Clause 52. The method of clause 50 or 51, wherein the first sub-region comprises a bottom-left sub-region, and the first set of unreconstructed samples is determined by horizontal padding at least one constructed reference sample in a right-most column of a coding unit left to the current video block.

Clause 53. The method of any of clauses 50-52, wherein the second sub-region comprises a top-right sub-region, and the second set of unreconstructed samples is determined by vertical padding at least one constructed reference sample in a bottom-most row of a coding unit above to the current video block.

Clause 54. The method of any of clauses 44-53, wherein the current video block is coded with at least one of: an intra block copy (IBC) mode, an intra template matching prediction (TMP) mode, or a reconstruction-reordered IBC (RR-IBC) mode.

Clause 55. The method of clause 54, wherein a flip type of the current video block coded with the RR-IBC mode comprises a first flip type or a second flip type.

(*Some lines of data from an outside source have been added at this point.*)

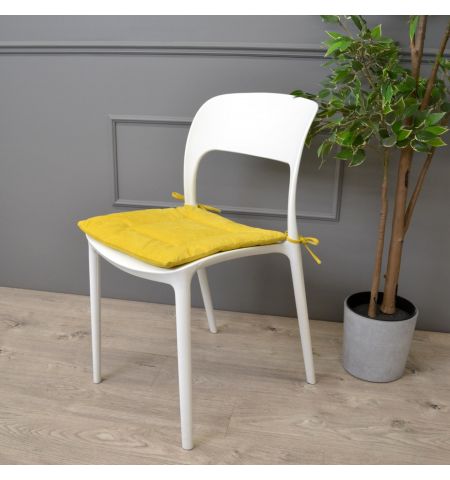 Perna Cu Șireturi Scaun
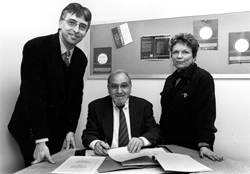 En 1999, Serge Brochu, directeur du CICC, créé un groupe d’experts internationaux sur les trajectoires déviantes ayant pour mandat d’établir des collaborations et un agenda de recherches comparatives. De gauche à droite: Serge Brochu, Cândido da Agra, de l'Université de Porto, et Mireille Mathieu.
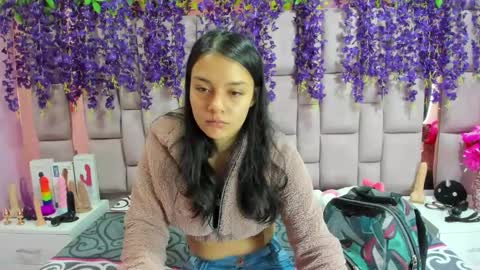 Marly Anal  online show from January 17, 1:24 pm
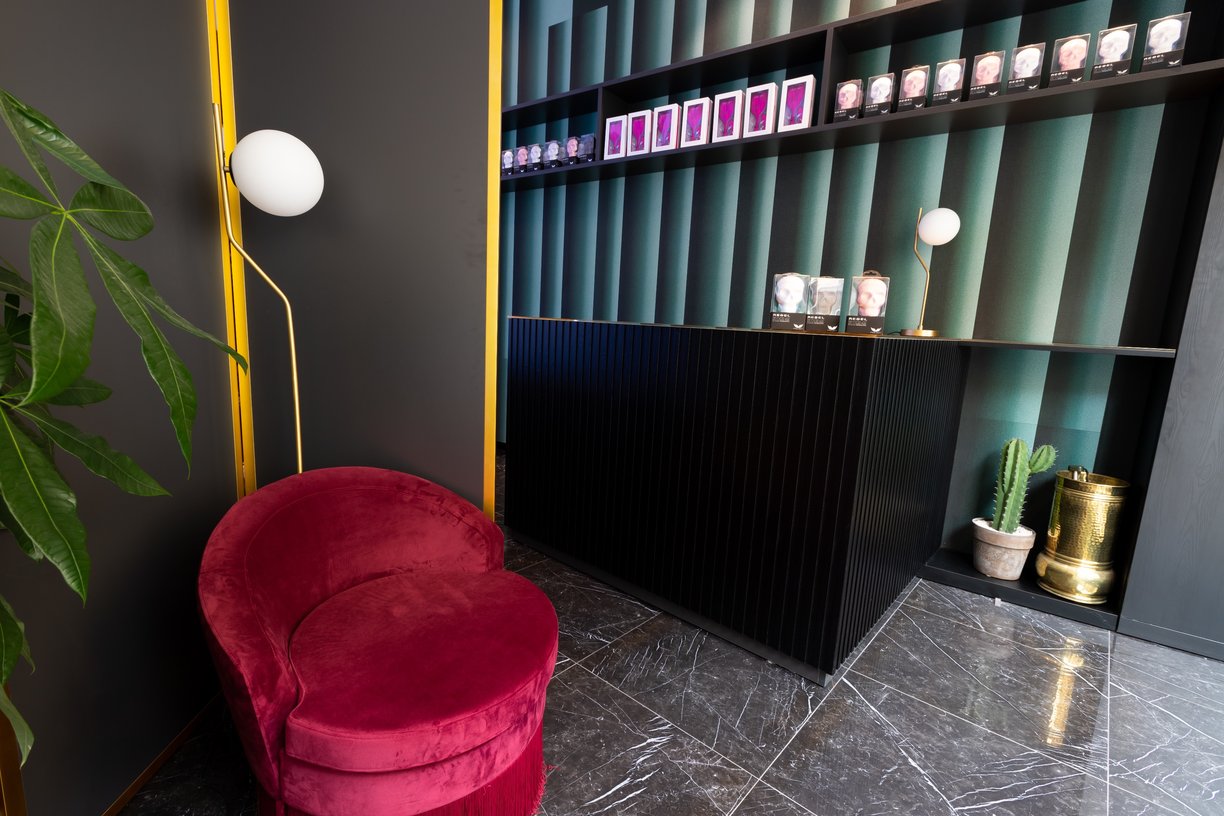 Angolo relax con poltrona e prodotti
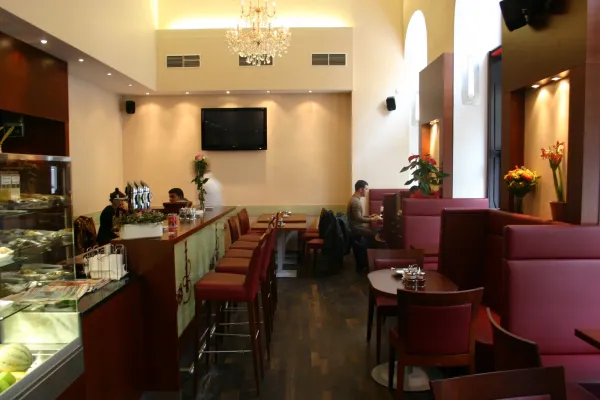 Schesch Besch Restaurant (Middle Eastern Cuisine - Shisha Lounge) halal restaurant in Wien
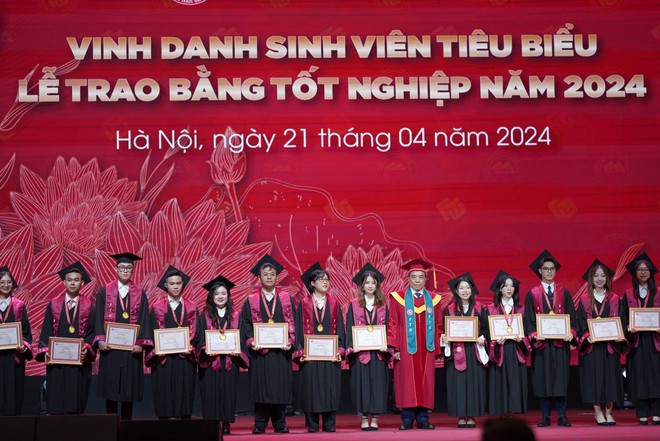 Toàn cảnh lễ trao bằng tốt nghiệp của hơn 1.300 sinh viên tại ngôi trường được mệnh danh Harvard Việt Nam - Ảnh 9.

Clause 56. The method of any of clauses 24-55, wherein a first template matching process for the BV candidate is different from a second template matching process for a further BV candidate, the BV candidate being associated with the reference block comprising the at least one reconstructed sample and the at least one unreconstructed sample, the further BV candidate being associated with a further reference block fully reconstructed inside a current picture.

Clause 57. The method of clause 56, wherein the first template matching process comprises a template matching based reordering process.

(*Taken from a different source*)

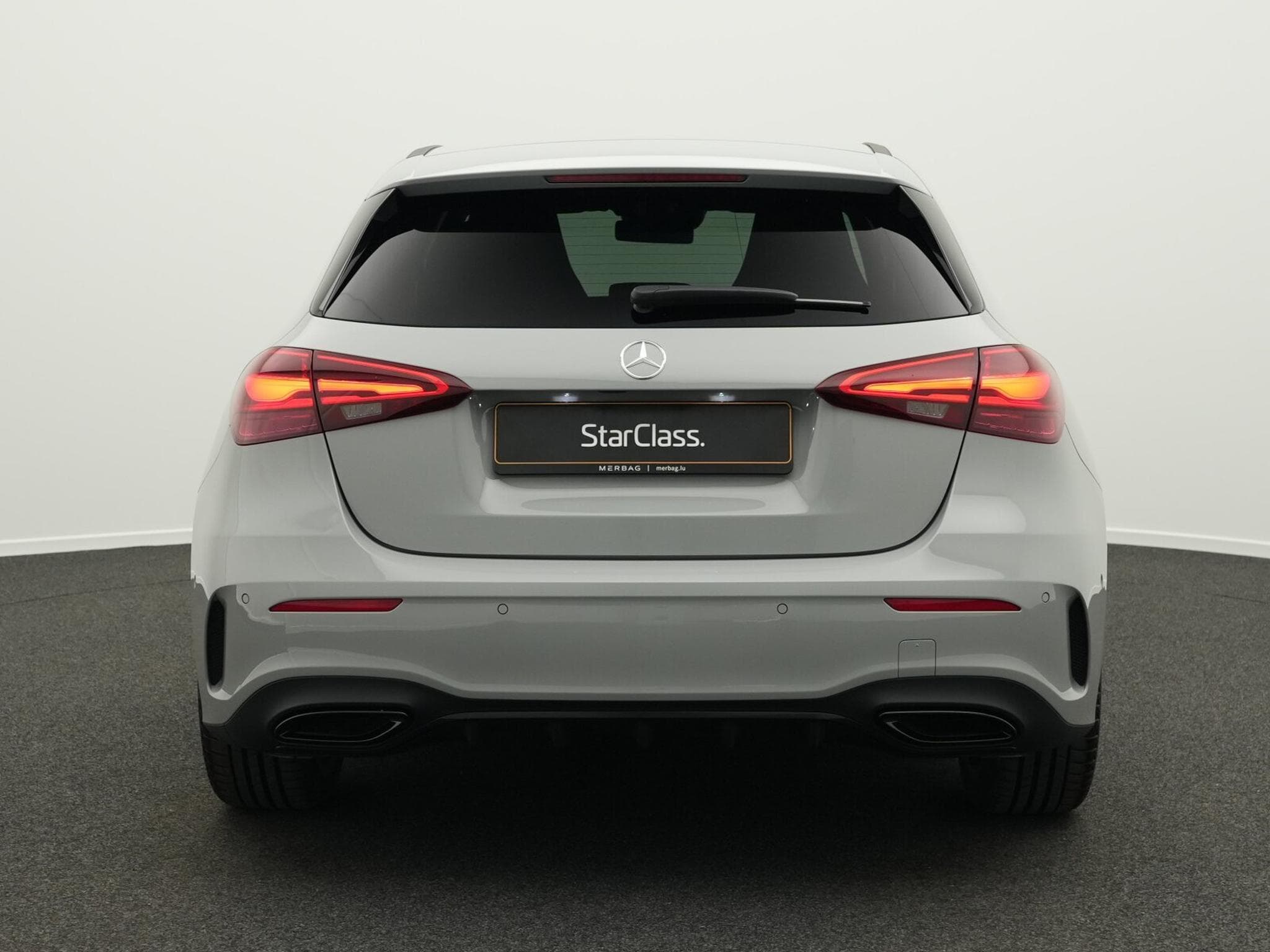 Mercedes A 200 AMG-Line Multi+Kamera+Distr+Night+19" (2025) - Photo 4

Clause 58. The method of clause 56, wherein the first template matching process comprises a template matching based refinement process.

Clause 59. The method of any of clauses 56-58, wherein if a reference sample of a reference template of the current video block is unreconstructed, a reference sample of a current template of the current video block corresponding to the reference sample of the reference block is padded.

Clause 60. The method of clause 59, wherein padding of the reference sample of the current template to the reference sample of the reference template is same with padding of a reference sample in a reconstructed region of the reference block to a reference sample in an unreconstructed region of the reference block.

Clause 61. The method of clause 59 or 60, wherein if the current video block is horizontally flipped, the reference sample of the current template is to be padded to the reference sample of the reference template.

Clause 62. The method of clause 61, wherein a right column part of the reference template is determined based on at least one of: a horizontal padding of the current template, or at least one prediction sample of the current video block.

Clause 63. The method of clause 59 or 60, wherein if the current video block is vertically flipped, the reference sample of the current template is to be padded to the reference sample of the reference template.

Clause 64. The method of clause 63, wherein a bottom row part of the reference template is determined based on at least one of: a vertical padding of the current template, or at least one prediction sample of the current video block.

Clause 65. The method of any of clauses 56-64, wherein during the first template matching process, a first template matching cost of the BV candidate between a current template and a reference template of the current video block is adjusted.

Clause 66. The method of clause 65, wherein the first template matching cost is multiplied by a factor.

Clause 67. The method of clause 66, wherein the factor is larger than 1.

Clause 68. The method of clause 66 or 67, wherein the factor is an integer.

Clause 69. The method of clause 66 or 67, wherein the factor comprises one of: 2.5, 3 or 3.5.

Clause 70. The method of any of clauses 66-69, wherein the factor is associated with an overlapping ratio of an unreconstructed region of the reference block to an area of the current video block.

Clause 71. The method of clause 70, wherein a first factor associated with a first overlapping ratio is larger than a second factor associated with a second overlapping ratio less than the first overlapping ratio.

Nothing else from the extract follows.